The changing state of reporting on Syria

Freelance filmmaker and photojournalist Mani said that there has been a notable change on the ground:

“I started working in Syria in October 2011… Of course there was danger but at the end of the day the people that were around me I could somehow trust them… Now what has evolved is that you don’t know who to trust and the dangers that you’re facing are really much closer than they were before.”

Emma Beals, freelance journalist and a member of the founding committee of Frontline Freelance Register (FFR) said that the risk is not just injury now it’s kidnap:

“I think the problem now is even if you trust them when you go in with them some of those groups are now fighting against other groups…they potentially don’t have the power either militarily or politically to overcome the groups that would seek to kidnap you.”

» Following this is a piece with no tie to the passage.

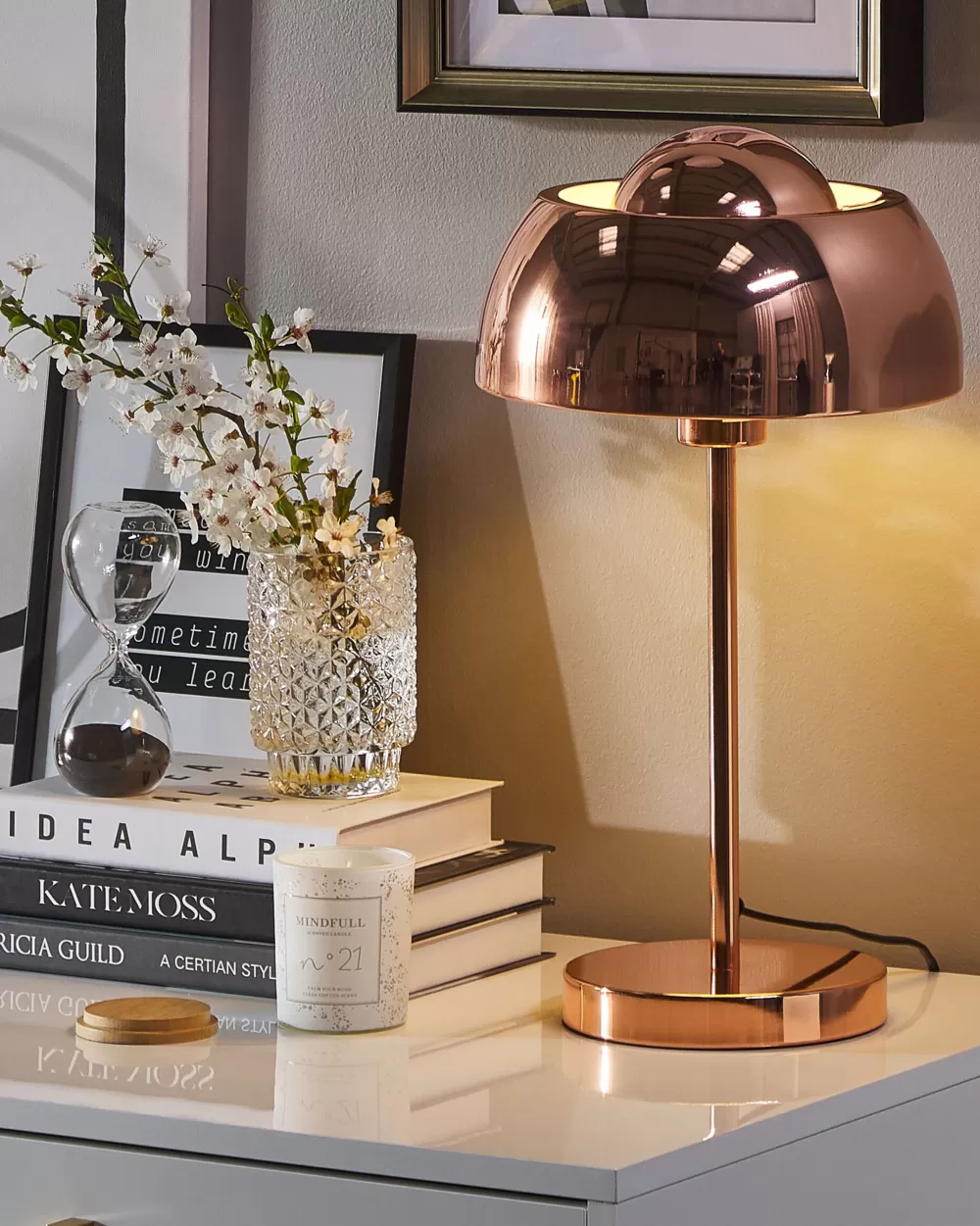 Lampada da Tavolo Beliani Senette in Rame Metallizzato - Design Moderno con Finitura Antica, Ideale per Arredamento Elegante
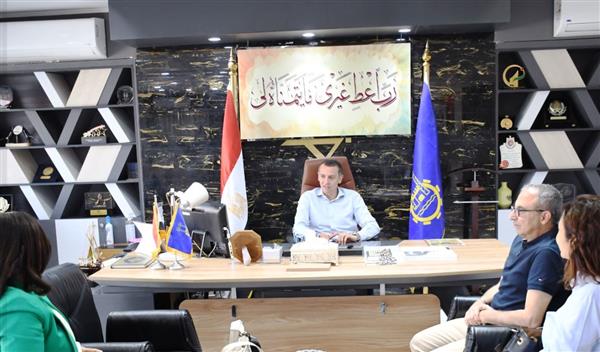 محافظ أسوان يبحث آليات تنفيذ مبادرة "لينا كلنا"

Sean Ryan, associate editor of The Sunday Times and formerly foreign editor, said that his position on freelancers has changed since the beginning of the Syrian war, in particular due to his experience with one freelancer. Ryan felt that giving him work had been an incentive for him to take unnecessary risks for a story:

“I probably paid him quite generously for a very good story which was an excellent page lead…and it was only when he offered me the second story from Aleppo that…he was now offering the story expecting to get money from our paper. I felt at that point it was irresponsible to give any freelancer in that position an incentive.”

Another audience member asked if it made a difference to journalist’s safety on the ground whether they were part of a news organisation or freelance?

Mani:

“When you have a media organisation behind you it’s much more clear…you have a discussion with them, there are boundaries. But when you’re really on your own you get excited by all the stories and if you know you want to report on it…you can make more mistakes.”

Beals added:

“It’s an expensive enterprise to go into Syria with the proper equipment and the proper security and proper communications kit and if you’re not getting the backing of the larger organisations then that becomes infinitely more difficult.”

Beals pointed out, in response to a New York Times article, in which writer and former editor Bill Keller said that news organisations were increasingly reliant on ‘replacements’:

“It’s important to realise that freelancers…want to be freelancers, not because they’re a ‘replacement’… because they want the freedom to cover the stories they want to cover…it’s a choice…an option that they’ve got that they’re embracing.”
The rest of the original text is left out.